A recent survey conducted by the Healthcare Information and Management Systems Society (HIMSS) and healthcare data analytics company Arcadia aimed to assess the current state of healthcare analytics platforms. The survey polled 55 healthcare executives, clinical leaders, and health IT stakeholders to better understand data utilization within hospitals and health systems.
The survey findings revealed that less than 60 percent of health systems’ data is currently being used to inform intelligent business decisions. However, stakeholders emphasize the importance of data access in improving healthcare outcomes.
Access to high-quality data was identified as a crucial factor by approximately 93 percent of respondents. The quality of data across workflows and platforms was seen as vital to a healthcare organization’s performance. The findings also showed that organizations using Epic as their primary electronic health record (EHR) platform had a slightly lower agreement with the importance of data access compared to organizations using other EHR platforms such as Cerner.
The size of an organization also influenced analytics priorities.
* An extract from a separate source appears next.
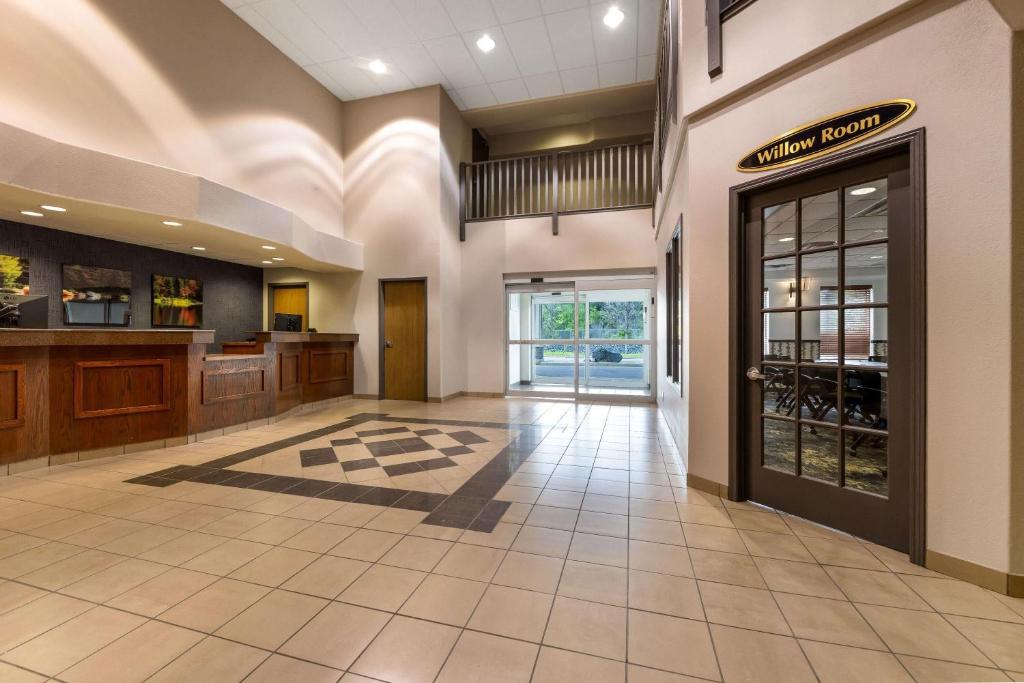 a lobby of a hotel with a glass door at Days Inn by Wyndham Thunder Bay North in Thunder Bay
Larger organizations, with 15,000 or more employees, were more likely to implement clinical decision support (CDS) tools within the next 12 months compared to smaller organizations. Additionally, organizations with 7,500 or more employees were more inclined to implement decision-making tools for their provider networks.
Investing in analytics proved to be a common challenge across healthcare organizations. While around 82 percent of respondents reported satisfaction with their current analytics platform, 71 percent cited other strategic priorities as barriers to further investment in analytics platforms. Limited staff resources were also seen as a challenge by 58 percent of respondents.
Data accuracy was another area of concern. Approximately one-third of respondents reported that their data accuracy was less than 76 percent. However, there was a noticeable difference in data accuracy perceptions based on the role of the respondent within the organization, with executive leadership roles generally reporting higher data accuracy percentages compared to clinical or IT roles.
In terms of data utilization for business decision-making, on average, only 57 percent of an organization’s data was used for this purpose. Larger organizations and those within integrated delivery networks (IDNs) or multi-hospitals were more likely to report using their data for intelligent business decisions.
The survey also highlighted the varied implementation of artificial intelligence (AI) tools in healthcare organizations. Research conducted by the Center for Connected Medicine and KLAS revealed that two-thirds of respondents were already using AI within their organizations, with a higher prevalence among facilities with over 1,001 beds. Pre-built machine learning models were the most popular AI solutions, with a focus on health/disease management and prediction.
Overall, the survey findings shed light on the current state of healthcare analytics platforms, emphasizing the importance of data access, data accuracy, and data utilization for informed decision-making in healthcare organizations.